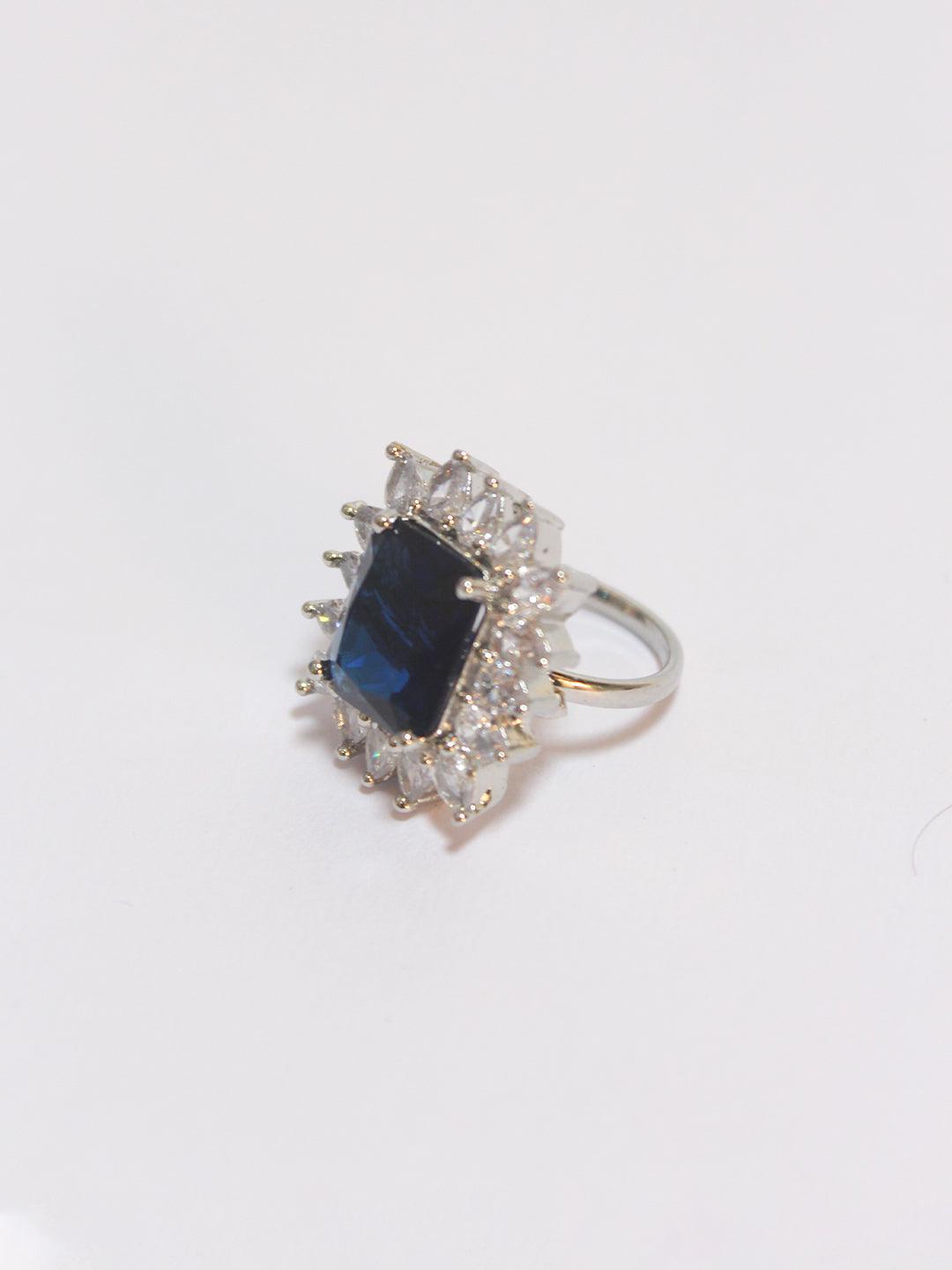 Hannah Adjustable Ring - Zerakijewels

◇ ◇ ◇ ◇ ◇ ◇ ◇

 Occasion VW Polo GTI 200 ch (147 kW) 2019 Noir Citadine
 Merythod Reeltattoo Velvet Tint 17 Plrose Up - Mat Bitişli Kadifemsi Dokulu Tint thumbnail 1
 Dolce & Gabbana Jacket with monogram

◇ ◇ ◇ ◇ ◇ ◇ ◇

__Task to carry out__
Within the listing above, the range opens at the line with "Merythod Reeltattoo Velvet" and closes at the line with "Dolce & Gabbana Jacket with monogram". Reproduce exactly the lines of that range, including both ends.

__Written answer__
 Merythod Reeltattoo Velvet Tint 17 Plrose Up - Mat Bitişli Kadifemsi Dokulu Tint thumbnail 1
 Dolce & Gabbana Jacket with monogram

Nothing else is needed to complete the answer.